# Want to use this for keys



## tlm724 (Mar 16, 2014)

I was digging through some scrap wood pieces to find something to use for keys on my miter joints and found this old piece of wood that came off an old cabinet. Any clue what kind of wood it is? I can tell you it's very hard to cut. Any help would be great. Thanks in advance


----------



## tlm724 (Mar 16, 2014)

A friend just stopped by and reminded me that this wood is Brazilian tiger wood.


----------



## rout66 (Oct 19, 2011)

I'm guessing Lignum Vitae from its appearance.
Has been used for handles and shafts and is very hard. Should be slightly oily.
Mark


----------



## TWheels (May 26, 2006)

markm said:


> I'm guessing Lignum Vitae from its appearance.
> Has been used for handles and shafts and is very hard. Should be slightly oily.
> Mark


I have worked with _G. sanctum_, a.k.a. Lignum vitae, for its antimicrobial activities. The wood resembles petrified wood and is about as dense. The very property you mentioned, slightly oily, made it very useful for boat propellers that outlast steel. Unfortunately the trees grow very slowly, cm/decade.


----------



## Cherryville Chuck (Sep 28, 2010)

The lignum vitae I've seen was much darker and is a protected species now, and has been for quite some time I think. Lignum Vitae | The Wood Database - Lumber Identification (Hardwoods)
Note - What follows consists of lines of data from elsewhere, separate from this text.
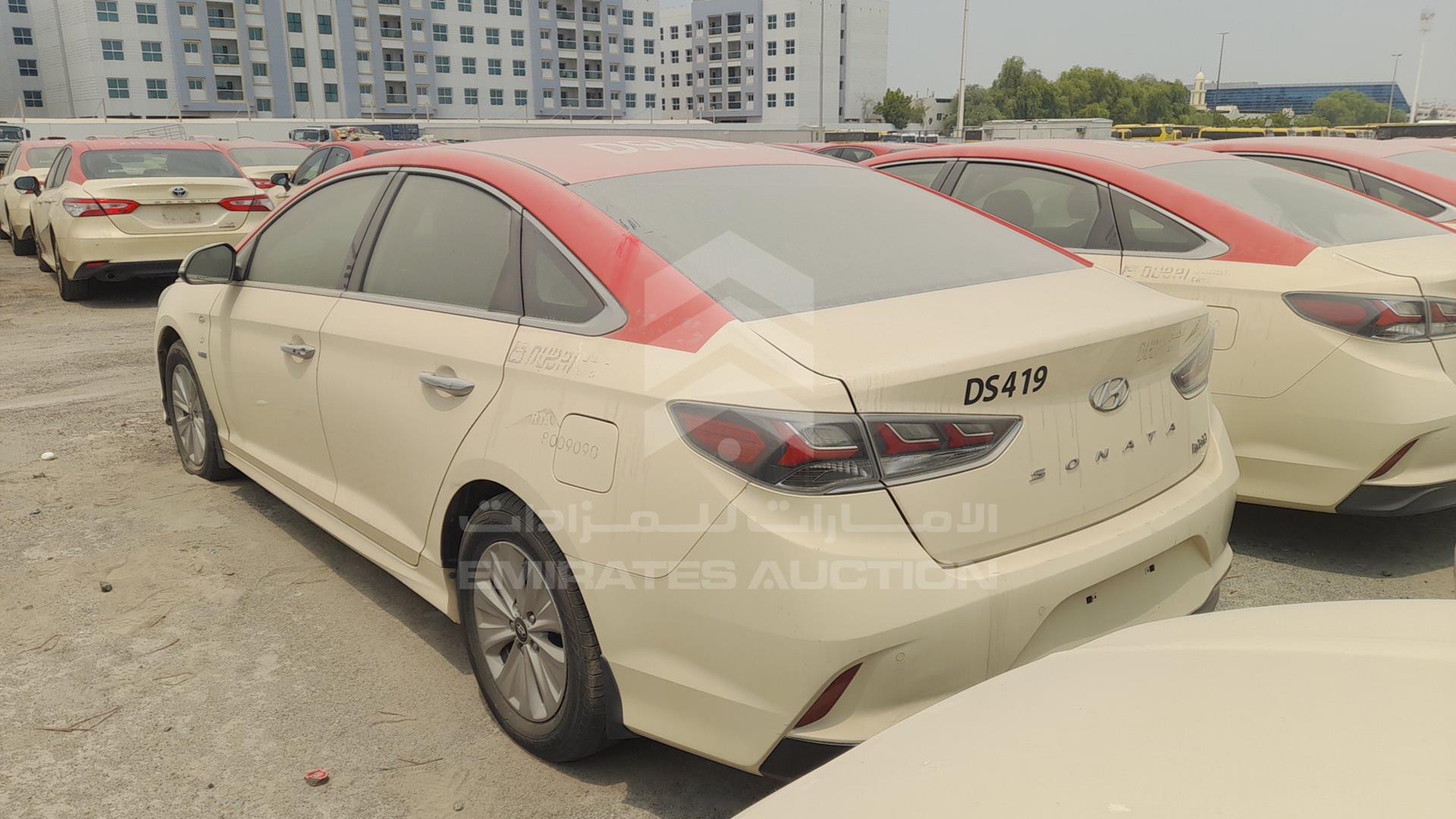 2018 HYUNDAI SONATA VIN: KMHE24131JA081968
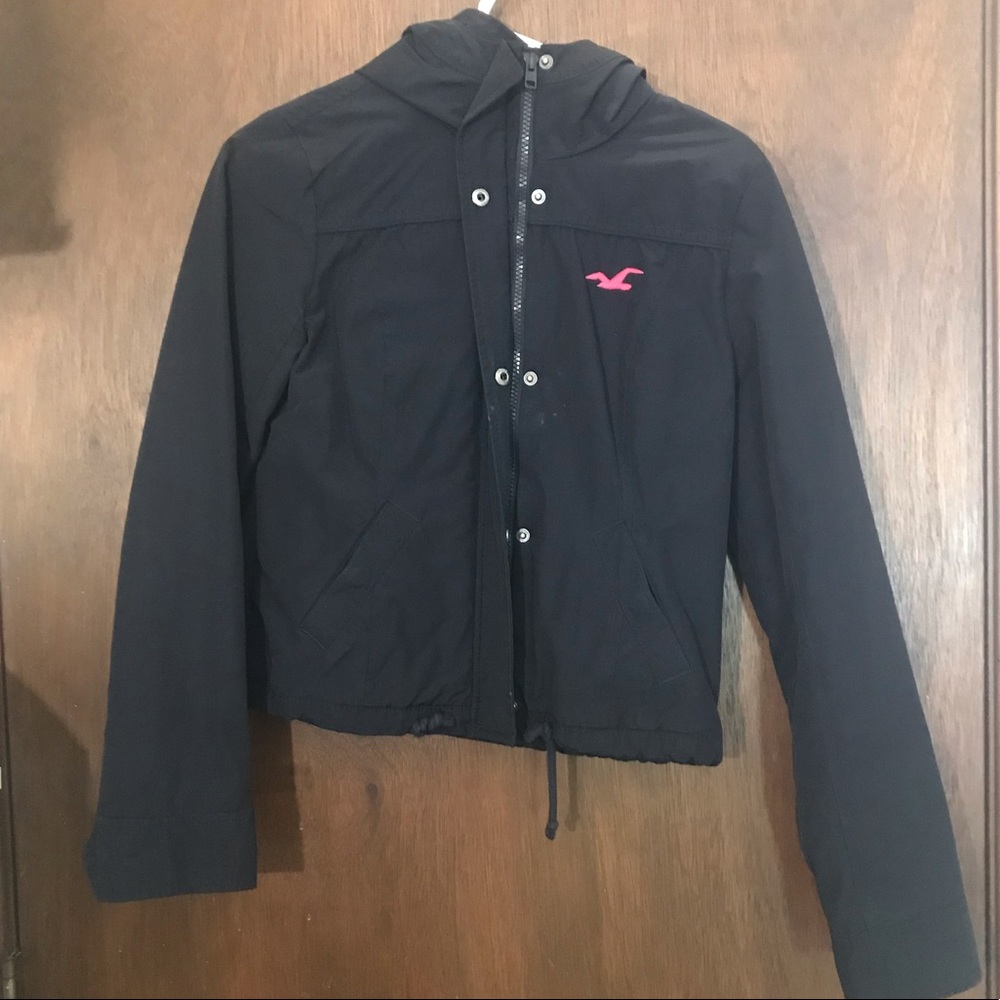 Hollister Small cropped navy blue rain jacket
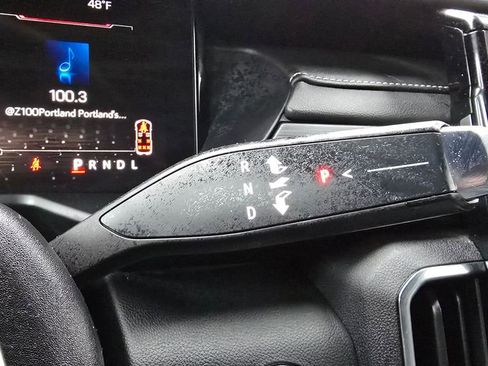 Used 2024 GMC Acadia Elevation image 30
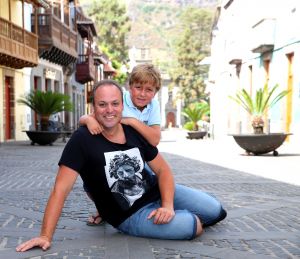 11-08-2017 SHOWBIZZ; FRANS EN MARISKA BAUER TERUG OP DE CANARISCHE EILANDEN. Na enkele jaren naar andere landen te zijn geweest is het voor de familie BAUER weer terug waar de vakanties zijn begonnen LAS PALMAS. Het voelt als thuis komen. Heerlijk hotel en vriendelijke mensen, lekker weer een een voortreffelijk hotel. Dat is anno 2017 vakantie voor de BAUERS.
foto: Albert den Iseger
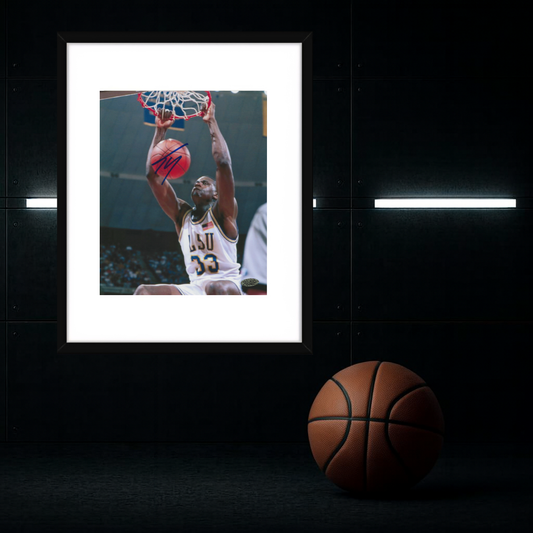 SHAQUILLE O'NEAL SIGNED 8X10 PHOTO LSU With COA W/Frame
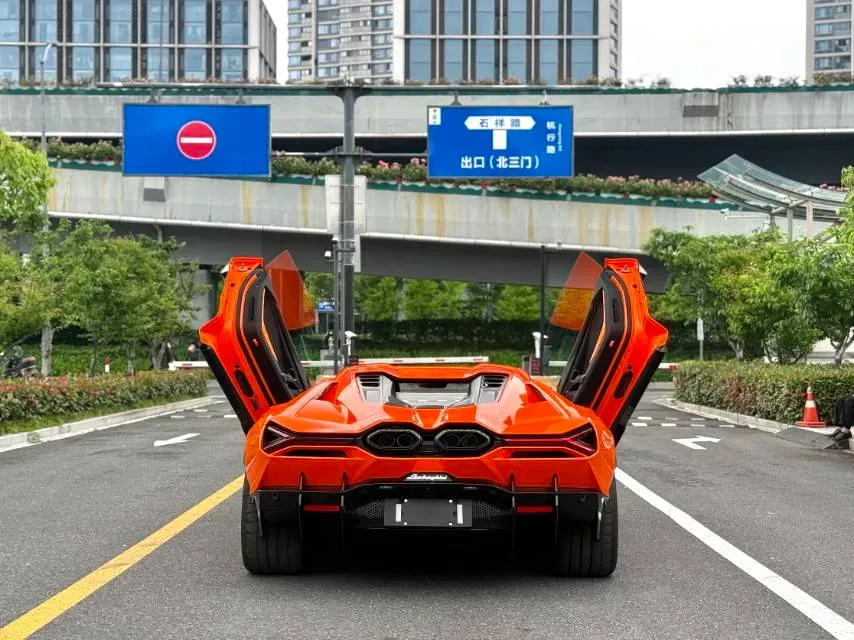 2023 Lamborghini Revuelto 6.5L 826HP V12 8DCT PHEV 3.8KWH,autocango,china used car exporter,china ev exporter,chinese used car exporter,chinese used ev exporter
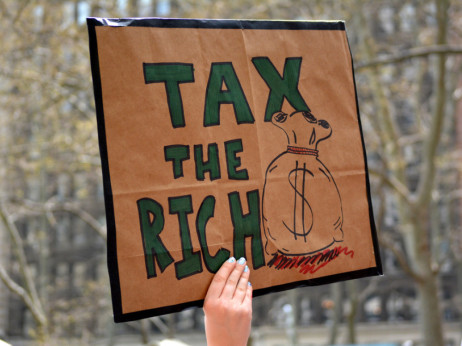 Данокот на богатство е насочен кон богатите, но често ја промашува целта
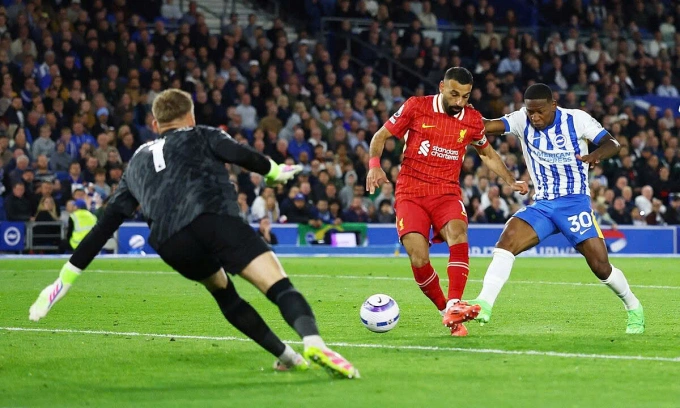Salah bỏ lỡ một cơ hội tốt trong trận gặp Brighton trên sân AmEx, thành phố Brighton, Vương quốc Anh tối 19/5/2025. Ảnh: Reuters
That wood does resemble the tiger wood in these photos and is available as hardwood flooring for $3-6 /sq ft according to one link I just looked at. tiger wood species - Bing Images


----------



## alohaberkeley (Oct 4, 2011)

I agree with tlm724's friend. Tiger wood is a marketing name in the flooring industry. I know it as Goncalo Alves, a wood from So. Amer. that is hard and heavy and finishes beautifully. The pics are definitely not Lignum Vitae. Hope this helps...............Wes


----------